== Segment start ==
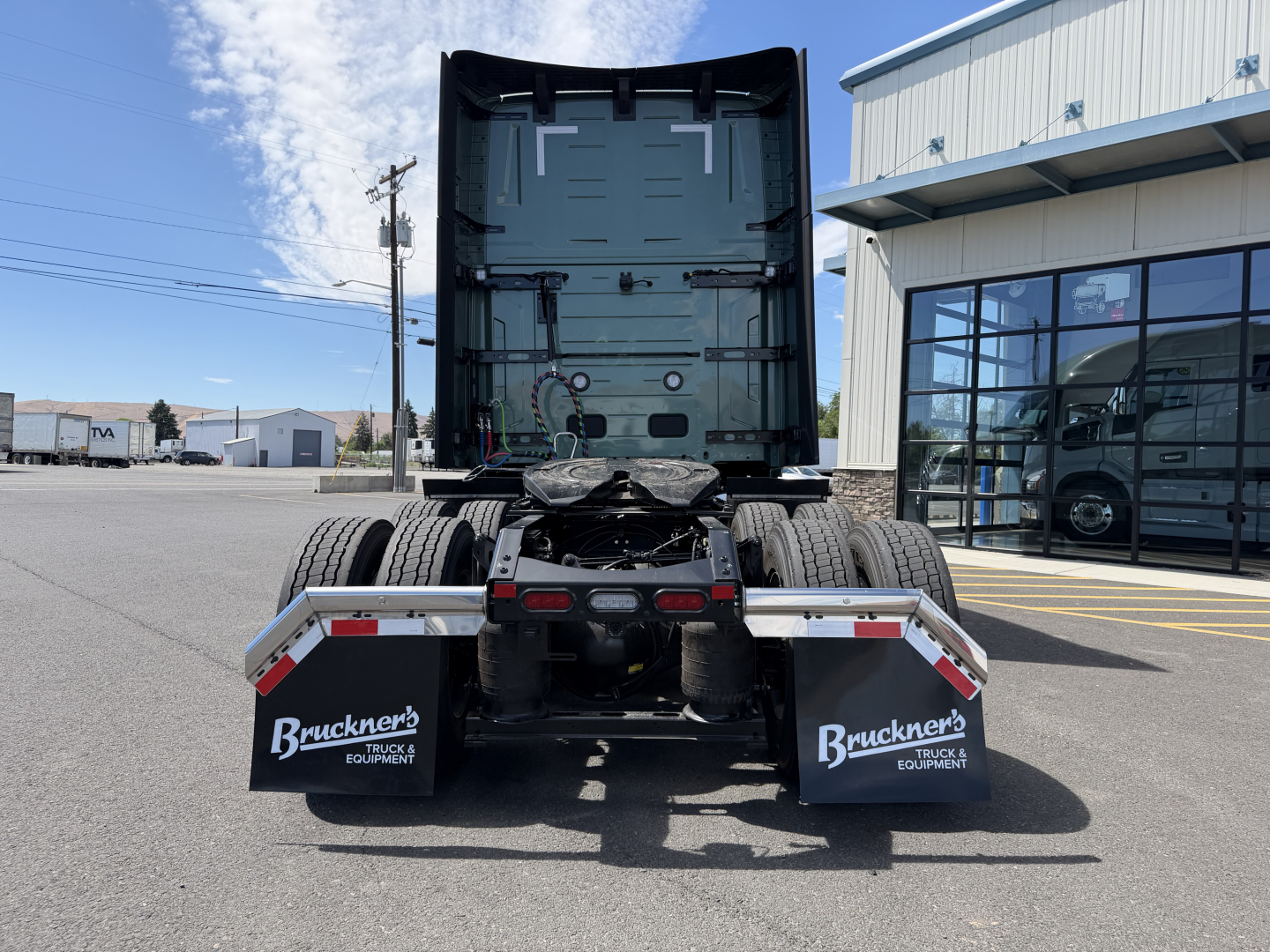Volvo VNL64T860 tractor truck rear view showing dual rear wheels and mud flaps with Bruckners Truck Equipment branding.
== Segment end ==
== Segment start ==
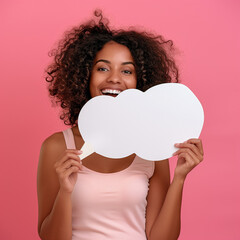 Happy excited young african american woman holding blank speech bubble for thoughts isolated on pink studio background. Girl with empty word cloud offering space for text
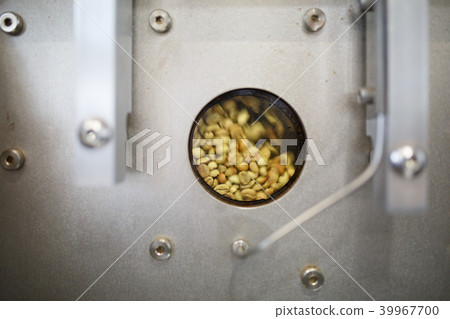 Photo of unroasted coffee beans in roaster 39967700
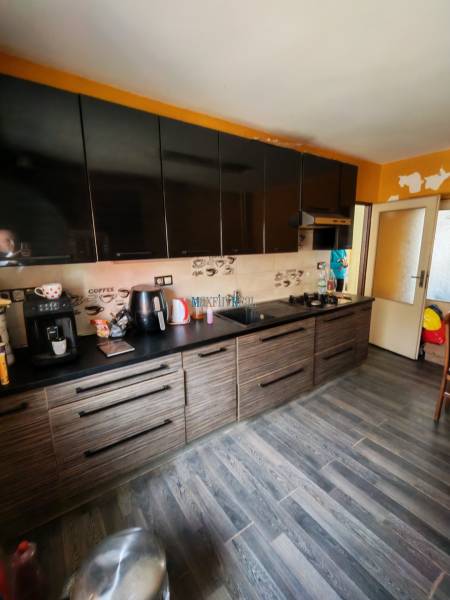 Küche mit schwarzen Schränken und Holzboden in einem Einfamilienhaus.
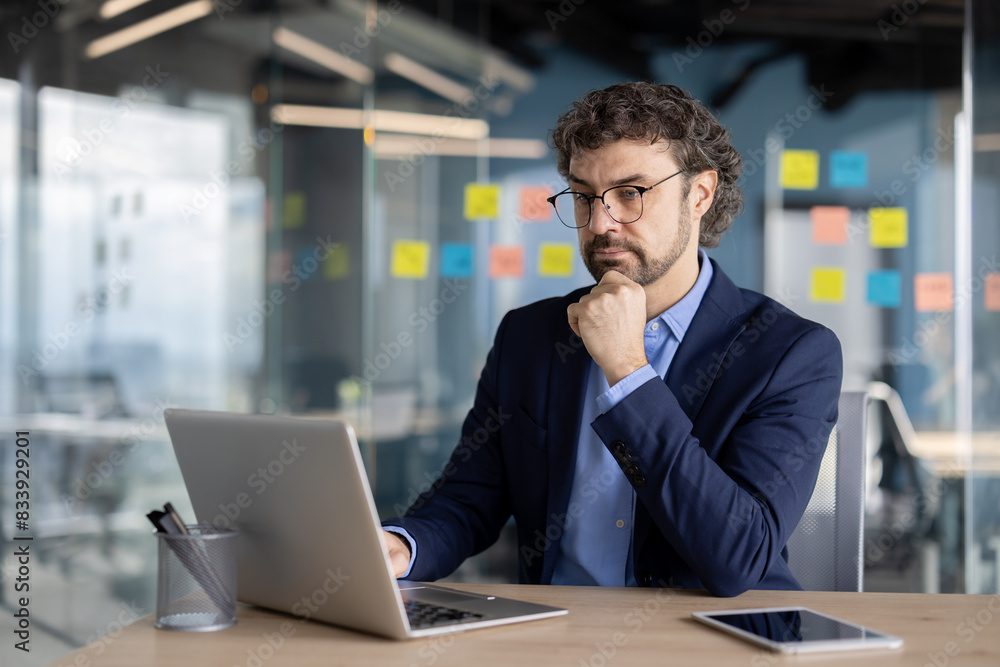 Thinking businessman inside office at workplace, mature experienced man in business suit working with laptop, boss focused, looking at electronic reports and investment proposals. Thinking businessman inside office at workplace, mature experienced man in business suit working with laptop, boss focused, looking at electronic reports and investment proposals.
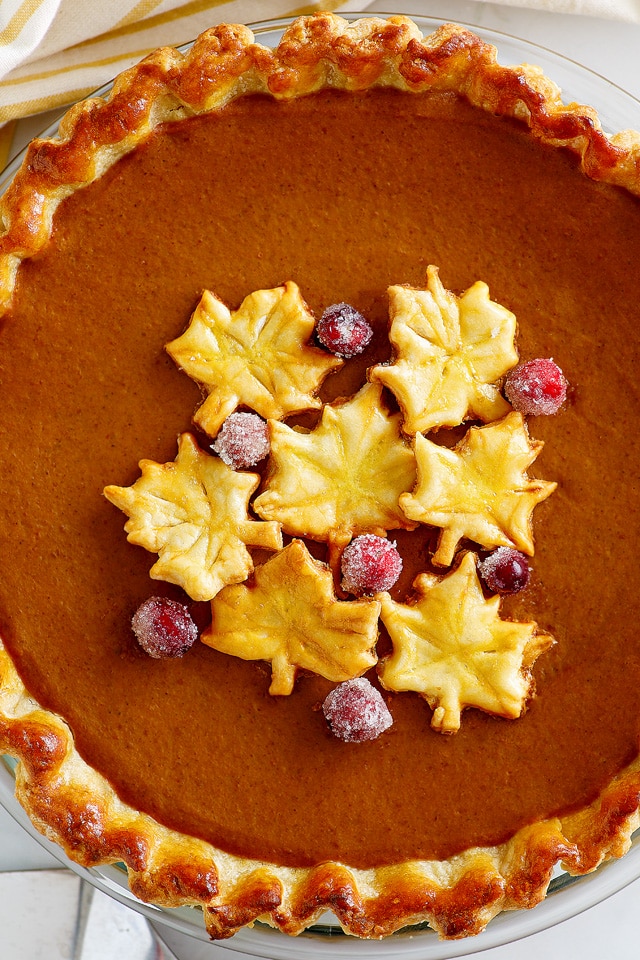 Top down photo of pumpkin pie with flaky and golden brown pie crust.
== Segment end ==
## Exercise instructions
Leaving each picture behind, please give again exactly the lines above from the one with "Photo of unroasted" through the one with "Küche mit schwarzen", both included, and no others.

## Completed task
 Photo of unroasted coffee beans in roaster 39967700
 Küche mit schwarzen Schränken und Holzboden in einem Einfamilienhaus.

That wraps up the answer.